We’re going in circles here. The Dataflow model is explicitly designed to not let you pull external state into a window.


or pick up the data in your task prior to the window call


There's an idea


@gardnervickers It's the other way around. I'm saving individual events in durable storage and keep only the aggregation in onyx. I also snapshot from time to time but that's another story.


Yup I got that. I’m saying you’d be better served not storing your entire aggregate in Onyx and instead using Onyx’s aggregation features to build up temporary aggregates that you can then merge with other DB’s to create your “materialized view” of the event stream, keeping with CQRS/ES parlance


It is a confusing issue and I should make a diagram of the exact use case because I didn't explain myself properly and it results in conflicting advice :)


@gardnervickers Interesting. I will think about it.


@gardnervickers Though I don't understand how I would split a transaction boundary. To handle an incoming command I need the whole transaction boundary, the domain aggregate, which is for example the current state of a bank account. I can't do that with partial sums of the same bank account scattered, especially since not all commands can succeed, such as withdraw money with not enough available funds.


That’s particular to how you design your application though right?


@gardnervickers Yes, though it seems like classic CQRS from all that I've read.


@yonatanel would this become easier if triggers could send aggregates on to other tasks?


I think that could be the fundamental issue here


Correct me if I’m wrong but I think that @yonatanel aims to structure his application as a giant fold over previous event history, but in the case things go down he wants to be able to pick back up from a snapshot instead of paying the price of a cold-start, re-processing all of history. I think what he wants to do is provide one of his aggregation backups as a starting point in the fold/reduction.


@gardnervickers My input is commands and the output is events. When the job "recovers" it can either read all of history of events or use a snapshot. It's an implementation detail. After that start, it keeps processing commands and output events.


Exactly, so you’re asking for support of that particular implementation detail?


@gardnervickers Maybe the confusion is in commands vs events. Once I process a command and it becomes an event, that command can be deleted forever while the event stays somewhere. When the job recovers, I don't want to reprocess all commands, but to start from the last aggregated state, which is all the events applied.
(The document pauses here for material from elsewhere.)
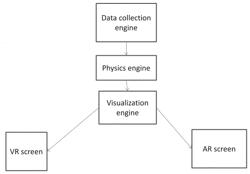 AUGMENTED/VIRTUAL MAPPING SYSTEM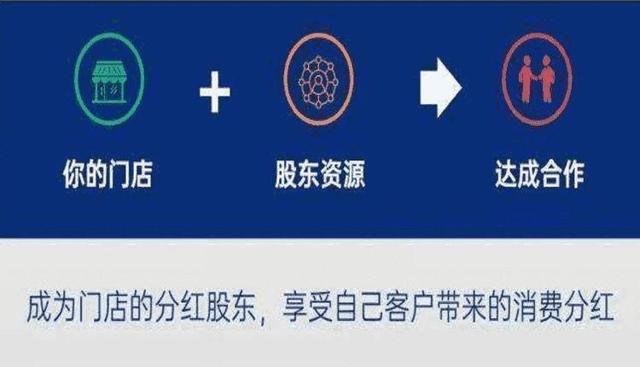 �����ɶ�ϵͳͶ��ģʽ������ӹ����ɶ��ֺ췽��(��������998��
Does that still sound as before?


Yea I’m talking about the stuff you’re storing in your log


Command/events, your basis of truth, entire history, etc.


Applying all events from history seems to me just as easy as applying a snapshot first and then all the younger events. I think it's solved already.


I'll read that paper to be on the same page.


hm I see in abs-engine that Messenger protocol has start stop methods but I don't see implementations.